In the world of cinema, short film is the bravest and most explicit mirror of our times. To help you navigate through this wide range of short films, we’ll be curating selections in which each work is like a tiny kernel of corn that, once projected onto the screen, warms up and explodes into a popcorn-like cloud of reflection, emotions, laughter or tears. No one will be left untouched, guaranteed!
The SHORT RIGA International Competition looks for new auteur films of various genres and techniques from all over the world. This is one of 24 international short film competitions that presents a selected film with a candidacy in the short film category of the European Film Awards.

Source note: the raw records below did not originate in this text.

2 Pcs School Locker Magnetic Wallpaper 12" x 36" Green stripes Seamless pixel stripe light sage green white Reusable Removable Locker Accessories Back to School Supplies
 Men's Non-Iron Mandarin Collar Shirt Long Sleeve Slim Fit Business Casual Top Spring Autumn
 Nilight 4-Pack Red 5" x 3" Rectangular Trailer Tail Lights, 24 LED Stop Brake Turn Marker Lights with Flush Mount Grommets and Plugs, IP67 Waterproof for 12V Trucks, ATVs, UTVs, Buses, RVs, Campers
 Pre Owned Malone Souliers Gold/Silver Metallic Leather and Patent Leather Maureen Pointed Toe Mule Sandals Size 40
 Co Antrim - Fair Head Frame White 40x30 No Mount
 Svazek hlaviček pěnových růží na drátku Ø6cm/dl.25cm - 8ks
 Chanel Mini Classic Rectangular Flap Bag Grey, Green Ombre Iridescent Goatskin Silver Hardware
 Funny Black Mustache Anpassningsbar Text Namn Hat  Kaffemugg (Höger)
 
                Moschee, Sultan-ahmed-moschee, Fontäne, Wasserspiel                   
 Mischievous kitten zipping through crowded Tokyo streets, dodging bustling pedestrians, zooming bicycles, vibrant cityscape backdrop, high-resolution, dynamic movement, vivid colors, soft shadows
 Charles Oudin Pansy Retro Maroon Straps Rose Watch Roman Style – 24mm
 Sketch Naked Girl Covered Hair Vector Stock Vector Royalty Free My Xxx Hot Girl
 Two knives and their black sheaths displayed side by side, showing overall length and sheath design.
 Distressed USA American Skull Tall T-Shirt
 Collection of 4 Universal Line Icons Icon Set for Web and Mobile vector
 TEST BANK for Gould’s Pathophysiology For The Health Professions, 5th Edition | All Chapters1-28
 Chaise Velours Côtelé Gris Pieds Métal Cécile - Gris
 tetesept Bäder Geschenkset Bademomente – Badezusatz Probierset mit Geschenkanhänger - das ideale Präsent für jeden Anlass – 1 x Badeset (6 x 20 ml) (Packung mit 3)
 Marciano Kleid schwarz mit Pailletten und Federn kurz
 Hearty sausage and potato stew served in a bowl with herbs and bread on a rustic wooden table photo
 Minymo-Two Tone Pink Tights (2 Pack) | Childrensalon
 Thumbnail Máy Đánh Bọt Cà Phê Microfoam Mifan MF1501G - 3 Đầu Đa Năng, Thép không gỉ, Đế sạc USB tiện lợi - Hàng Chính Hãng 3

The curator and selection committee evaluate submissions, individually look for works in the programmes of other film festivals as well as film and art schools, and reach out to independent makers of short films. There are as many films as there are opinions, and as many authors as there are stories.
The only things the selected films have in common is a maximum running time of 30 minutes and the presence of a strong personality. Audience members are guaranteed to quarrel, laugh, or even shed a tear or two – often in the presence of the filmmakers themselves!
In the category of short film, the local film scene is particularly dynamic. For the national short film competition, we select works of various genres and forms that have been made within the last two years. The competition is judged by an international jury to ensure acknowledgement of the unique features of Latvian-made films from a broader perspective. In the opinion of RIGA IFF, however, every film included in the selection is already a winner.
The most popular short films of 2020 and 2021. These films have been presented in so many different festivals around the world and enchanted so many audiences and professionals that you must see them too!
To emphasise SHORT RIGA’s interest in auteur cinema, it is now an annual tradition to introduce audiences to a world-famous short filmmaker by inviting them to participate in a retrospective of their work.
This year’s Persona section is dedicated to world-famous Latvian animation director Vladimir Leshchiov (1970). The way in which Leschiov explores new avenues and universal themes has attracted a large audience internationally, which now even exceeds his local audience. The director’s animated shorts exude a familiar warmth and with his characteristic attention to detail he creates symbolic strands of narrative. Leschiov usually works with classical animation techniques using watercolours and sometimes even experiments with coffee and tea. He does, however, also use digital techniques. Like each of his films, each scene tells an independent story; every frame is at the same time a small work of art and a universe of its own.